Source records
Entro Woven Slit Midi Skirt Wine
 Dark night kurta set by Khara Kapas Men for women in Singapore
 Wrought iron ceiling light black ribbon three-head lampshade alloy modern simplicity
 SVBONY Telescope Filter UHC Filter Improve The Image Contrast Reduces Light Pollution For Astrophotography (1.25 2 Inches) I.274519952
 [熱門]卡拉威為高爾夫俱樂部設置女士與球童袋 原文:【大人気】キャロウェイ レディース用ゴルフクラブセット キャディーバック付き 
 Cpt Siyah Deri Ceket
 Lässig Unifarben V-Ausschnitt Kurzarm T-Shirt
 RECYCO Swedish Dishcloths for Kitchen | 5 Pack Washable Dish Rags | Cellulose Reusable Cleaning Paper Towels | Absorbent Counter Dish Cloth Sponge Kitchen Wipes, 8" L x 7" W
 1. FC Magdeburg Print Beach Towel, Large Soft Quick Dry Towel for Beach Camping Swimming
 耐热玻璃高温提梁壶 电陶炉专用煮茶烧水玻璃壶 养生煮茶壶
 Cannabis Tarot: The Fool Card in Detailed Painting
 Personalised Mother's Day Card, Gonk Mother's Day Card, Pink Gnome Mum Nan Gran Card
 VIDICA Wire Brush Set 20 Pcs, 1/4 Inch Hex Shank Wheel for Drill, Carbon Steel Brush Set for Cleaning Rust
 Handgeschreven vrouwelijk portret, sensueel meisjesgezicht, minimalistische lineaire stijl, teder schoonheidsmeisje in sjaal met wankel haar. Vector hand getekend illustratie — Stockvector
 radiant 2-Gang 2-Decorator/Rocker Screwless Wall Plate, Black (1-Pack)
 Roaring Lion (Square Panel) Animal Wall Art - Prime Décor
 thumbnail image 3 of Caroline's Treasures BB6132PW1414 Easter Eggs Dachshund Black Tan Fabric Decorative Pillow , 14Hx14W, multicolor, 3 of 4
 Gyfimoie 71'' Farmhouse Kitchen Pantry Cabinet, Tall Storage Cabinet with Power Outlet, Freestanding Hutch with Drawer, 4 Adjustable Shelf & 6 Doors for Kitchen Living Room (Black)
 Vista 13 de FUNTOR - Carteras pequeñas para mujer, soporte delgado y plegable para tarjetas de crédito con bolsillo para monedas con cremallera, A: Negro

About this task -> Locate the line that contains "Gyfimoie 71'' Farmhouse", then please quote it and every line after it to the end of the entries above, exactly and with nothing else.

Answer to the exercise ->
 Gyfimoie 71'' Farmhouse Kitchen Pantry Cabinet, Tall Storage Cabinet with Power Outlet, Freestanding Hutch with Drawer, 4 Adjustable Shelf & 6 Doors for Kitchen Living Room (Black)
 Vista 13 de FUNTOR - Carteras pequeñas para mujer, soporte delgado y plegable para tarjetas de crédito con bolsillo para monedas con cremallera, A: Negro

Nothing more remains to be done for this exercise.